● Excerpted records:
☆ ☆ ☆ ☆

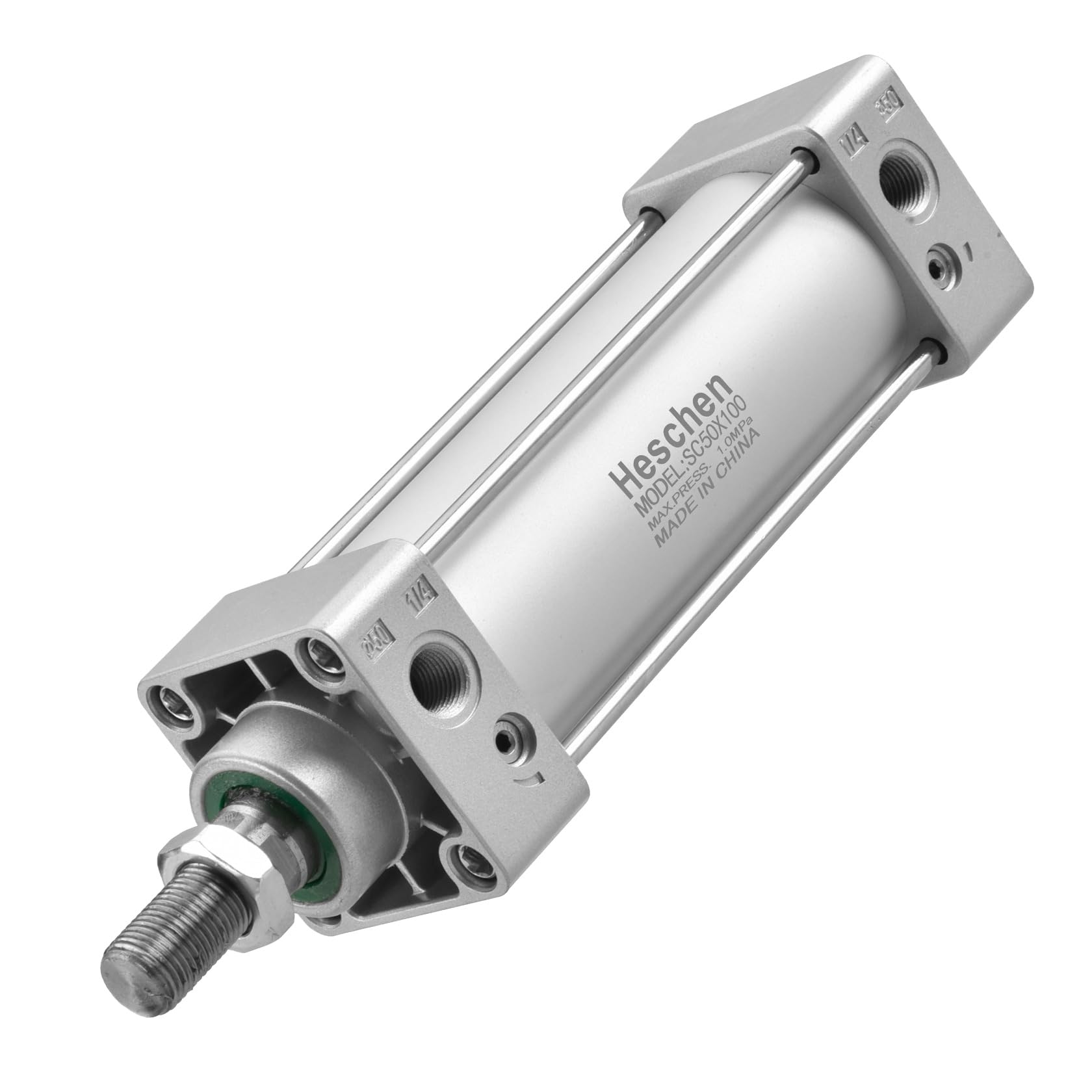 Heschen Pneumatic Standard Cylinder, SC 50-100, PT1/4'' Port, 50mm Bore, 100mm Stroke, Double Acting
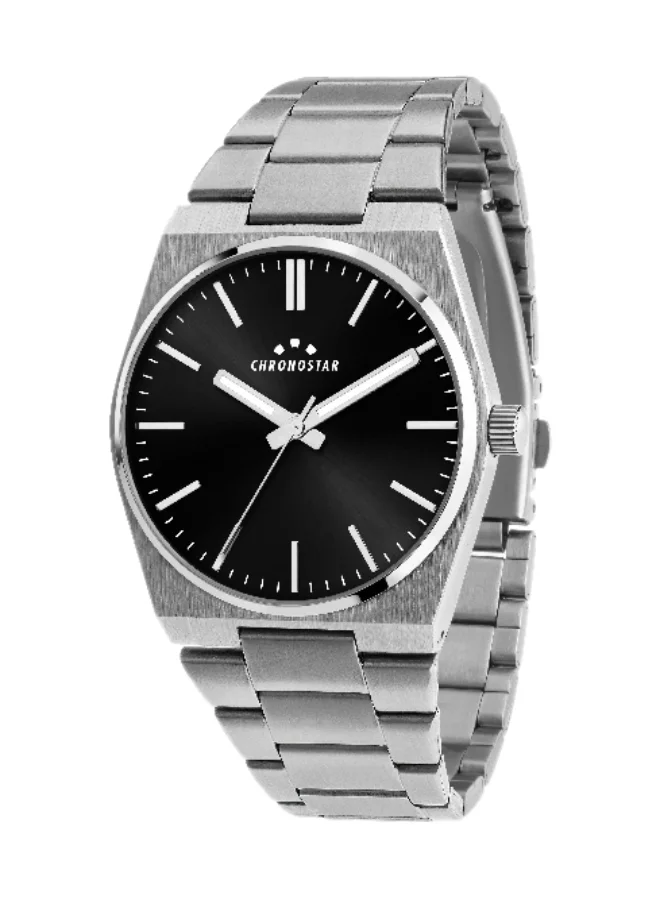 Chronostar Men's Analog Watch with Round Black Dial and Silver Stainless Steel Band (40mm) ki4jl
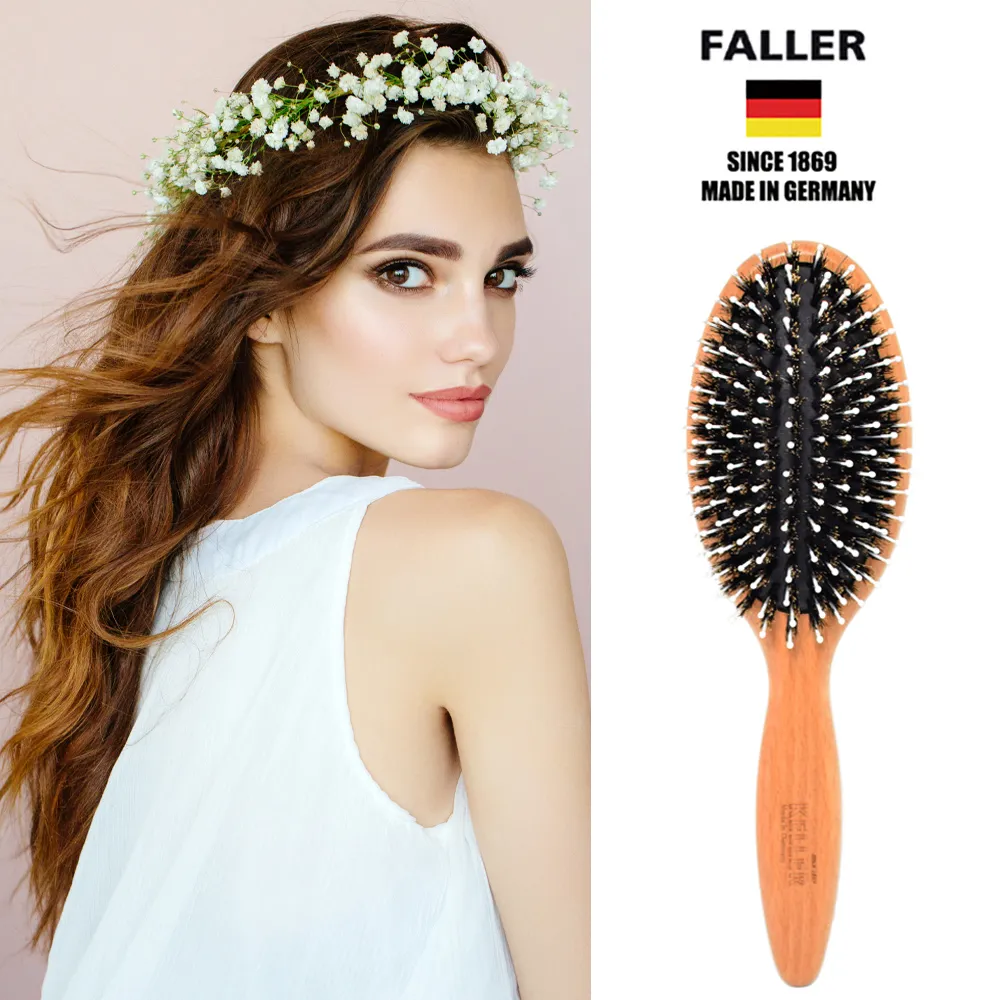 德國FALLER芙樂 FSC櫸木橢圓黑豚鬃柔珠氣墊梳 歷史價格詳細信息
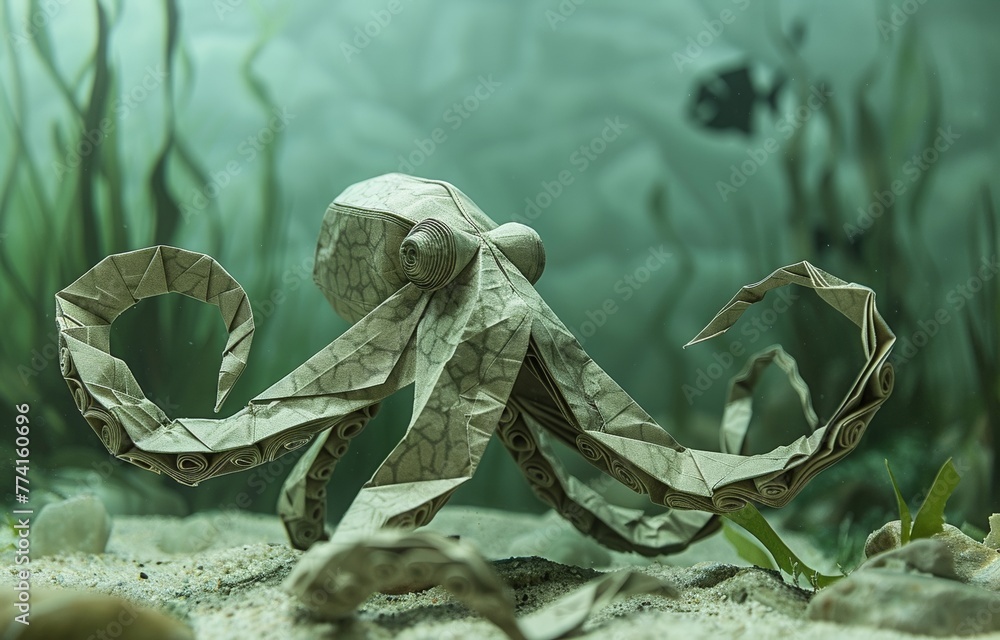 Fototapeta premium Amidst the realistic undersea world, an origami octopus camouflages with its surroundings, its tentacles intricately folded, exploring the ocean floor
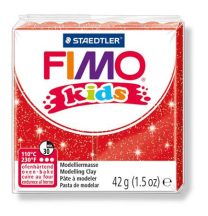   Gyurma, 42 g, égethető, FIMO "Kids", glitteres piros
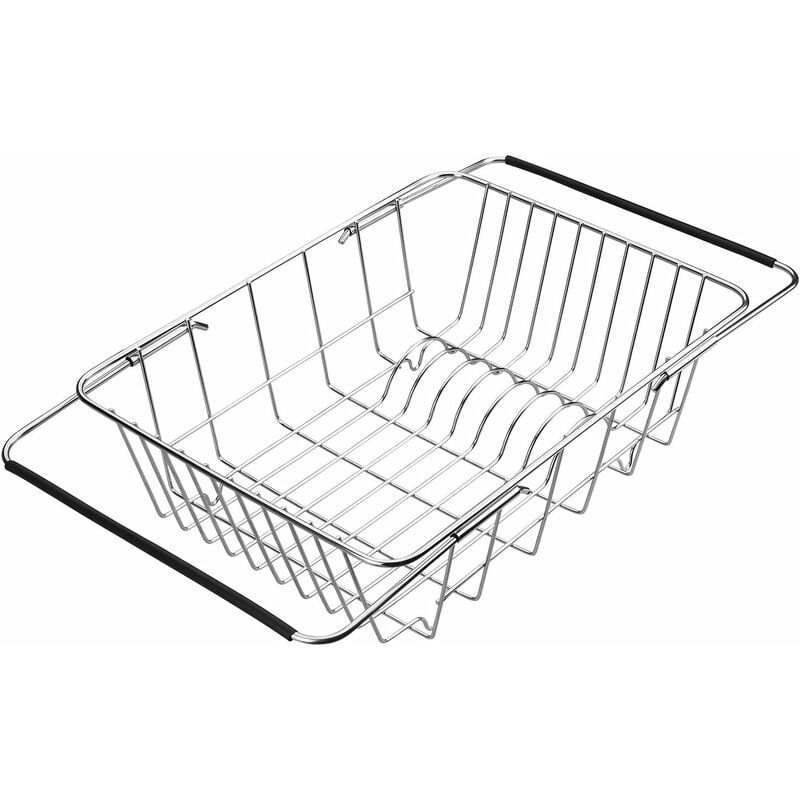 Ociekacz do naczyń ze stali nierdzewnej, rozsuwany kosz do suszenia przyborów kuchennych (siatka łukowa)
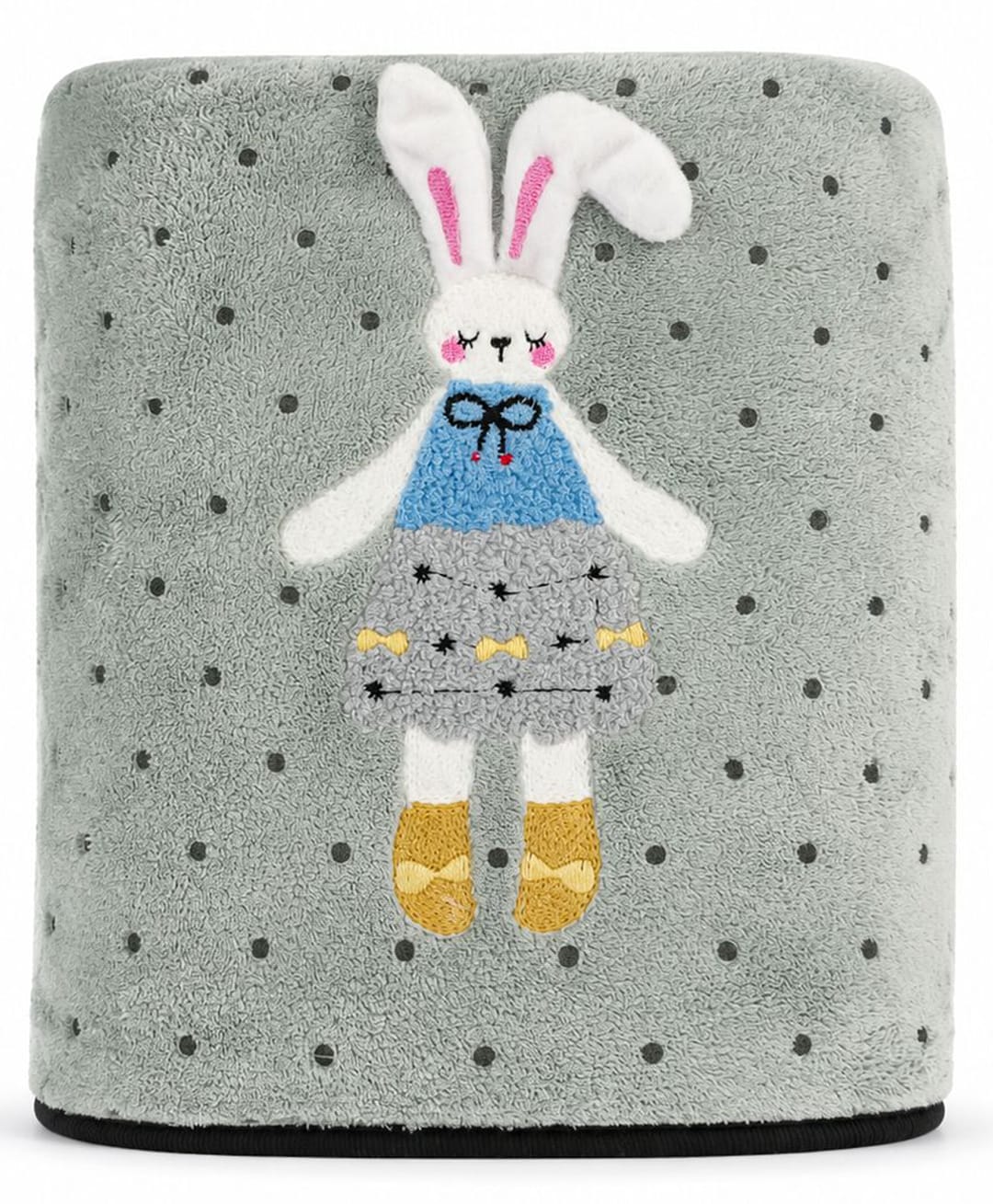 ZQBIEE Knit Polka Dots Designed Bunny Embroidered Towel - Grey-picture-19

☆ ☆ ☆ ☆

● To do: Going from the line with "Fototapeta premium Amidst" to the last line of the listing, write out each line exactly and nothing else. Leave out all pictures.

● Solution to the exercise:
 Fototapeta premium Amidst the realistic undersea world, an origami octopus camouflages with its surroundings, its tentacles intricately folded, exploring the ocean floor
   Gyurma, 42 g, égethető, FIMO "Kids", glitteres piros
 Ociekacz do naczyń ze stali nierdzewnej, rozsuwany kosz do suszenia przyborów kuchennych (siatka łukowa)
 ZQBIEE Knit Polka Dots Designed Bunny Embroidered Towel - Grey-picture-19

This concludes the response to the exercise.